Figure 2 Histones are rapidly turned over at interstitial heterochromatin in the absence of DNA accessibility.

aRead density heatmaps and average profiles of H3.3-SNAP time-ChIP data ⁹ over two classes of H3.3 peaks, H3.3-only and H3.3+H3K9me3 peaks. All data is normalized to Reads Per Genomic Content (RPGC) b Read density heatmaps and average profiles of H3.3-HA pulse data ³⁴ over H3.3 peaks. c Read density heatmaps and average profiles of CATCH-IT data ⁶. d Mean read density heatmap showing enrichments of H3.3-SNAP time-ChIP (log2 fold-change over input) over 15 ChromHMM states ³⁷ as well as H3K9me3 and H3.3+H3K9me3 enriched regions ²¹. Additional replicates are shown in Extended Data Figure 5b. For enrichment analysis by repeat families see also Extended Data Figure 6. e Average coverage of H3.3-SNAP time-ChIP over 2640 shared IAP ERVs. Fragments defined by paired-end reads were piled up and normalized by 1x Genome coverage (Fragment Per Genomic Content, FPGC). See Extended Data Figure 5c for coverage of uniquely mappable reads only. f Average coverage (FPGC) of H3K9me3 ChIP ⁵¹ 2640 shared IAP ERVs. g Average coverage (FPGC) of BioChIP for HP1 isoforms ⁵² over 2640 shared IAP ERVs. h Average profiles of DNA accessibility ²⁰ over 2640 shared ERVs, and 2640 random (shuffled) genomic regions of matching size.

Extended Data Figure 6 - related to Figure 2d Analysis of repetitive element families

aMean read density heatmaps of time-ChIP H3.3-SNAP data at a major repetitive elements from RepeatMasker annotation (filtered for elements larger than 200bp). Each category enrichment is calculated as log2 fold change of mean coverage over input. IAPLTR1a shows the highest enrichment at time point 0h and turnover. Most IAP LTRs and internal sequences, as well as ETn and MusD elements show both enrichment and H3.3 turnover.
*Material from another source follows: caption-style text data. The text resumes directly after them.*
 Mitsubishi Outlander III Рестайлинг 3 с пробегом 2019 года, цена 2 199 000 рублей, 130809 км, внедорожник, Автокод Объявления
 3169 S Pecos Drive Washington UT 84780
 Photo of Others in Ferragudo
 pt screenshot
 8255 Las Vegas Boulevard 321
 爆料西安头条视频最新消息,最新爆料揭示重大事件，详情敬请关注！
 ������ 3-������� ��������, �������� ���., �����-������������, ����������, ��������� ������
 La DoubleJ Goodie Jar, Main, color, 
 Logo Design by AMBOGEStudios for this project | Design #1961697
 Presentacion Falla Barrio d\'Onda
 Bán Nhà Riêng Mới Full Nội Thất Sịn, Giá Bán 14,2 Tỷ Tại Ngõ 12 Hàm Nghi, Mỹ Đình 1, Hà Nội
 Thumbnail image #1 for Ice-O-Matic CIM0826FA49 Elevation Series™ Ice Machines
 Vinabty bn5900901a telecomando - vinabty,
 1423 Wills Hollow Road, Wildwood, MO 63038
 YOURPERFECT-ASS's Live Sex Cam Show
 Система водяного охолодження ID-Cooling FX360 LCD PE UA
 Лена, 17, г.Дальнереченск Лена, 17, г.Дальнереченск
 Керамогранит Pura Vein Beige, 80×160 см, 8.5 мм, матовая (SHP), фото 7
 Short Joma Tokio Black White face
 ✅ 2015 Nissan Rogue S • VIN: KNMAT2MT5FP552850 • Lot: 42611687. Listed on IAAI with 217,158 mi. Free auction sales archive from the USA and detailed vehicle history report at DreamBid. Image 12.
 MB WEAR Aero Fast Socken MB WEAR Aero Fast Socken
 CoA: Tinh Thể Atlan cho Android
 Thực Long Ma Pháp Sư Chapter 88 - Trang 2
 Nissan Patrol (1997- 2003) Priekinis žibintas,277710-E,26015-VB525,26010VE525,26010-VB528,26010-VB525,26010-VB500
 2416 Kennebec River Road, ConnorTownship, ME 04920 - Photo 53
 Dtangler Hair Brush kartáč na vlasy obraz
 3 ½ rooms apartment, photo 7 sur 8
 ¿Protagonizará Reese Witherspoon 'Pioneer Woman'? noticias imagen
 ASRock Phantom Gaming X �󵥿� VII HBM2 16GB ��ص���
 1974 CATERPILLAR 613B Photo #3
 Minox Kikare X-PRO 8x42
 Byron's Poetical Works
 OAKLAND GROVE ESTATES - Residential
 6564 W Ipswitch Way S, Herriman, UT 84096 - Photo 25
We next compared H3.3 dynamics across 15 ChromHMM states ³⁷ and H3.3+H3K9me3 heterochromatic regions and found that highest histone H3.3 turnover is observed at active promoters and enhancers followed by H3.3+H3K9me3 regions (Figure 2d, ExtendedData Figure 5b). Analysing individual repeat families using UCSC RepeatMasker annotation, the ∼340bp IAPLTR1/1a long terminal repeats showed comparable turnover to active promoters and enhancers, followed by IAPLTR2 and internal IAP regions (Extended Data Figure 6). Examining H3.3 dynamics across full-length IAPLTR1 elements, it was interesting to note that histone turnover was not confined to individual positioned nucleosome but broadly occurred over LTRs and adjacent ∼2kb of internal region (Figure 2e). Remarkably, regions of highest turnover were also highly enriched for H3K9me3, concomitant with HP1 binding (Figure 2f-g). Prior analysis suggested that, as stereotypical for heterochromatin, DNA accessibility at ERVs is generally low ²⁹, and analysis of recent ATAC-Seq data in mESC ²⁰ confirmed that IAPLTRs neither show defined nucleosome-free regions nor broader domains of accessible DNA (Figure 2h). In summary, we find that histone turnover does not require or induce an increase in DNA accessibility at IAP ERVs (Figure 2f), Instead, it appears that histone H3.3-H4 is swapped into chromatin directly replacing an existing H3-H4 histone dimer or tetramer, hinting at the possibility of a concerted mechanism.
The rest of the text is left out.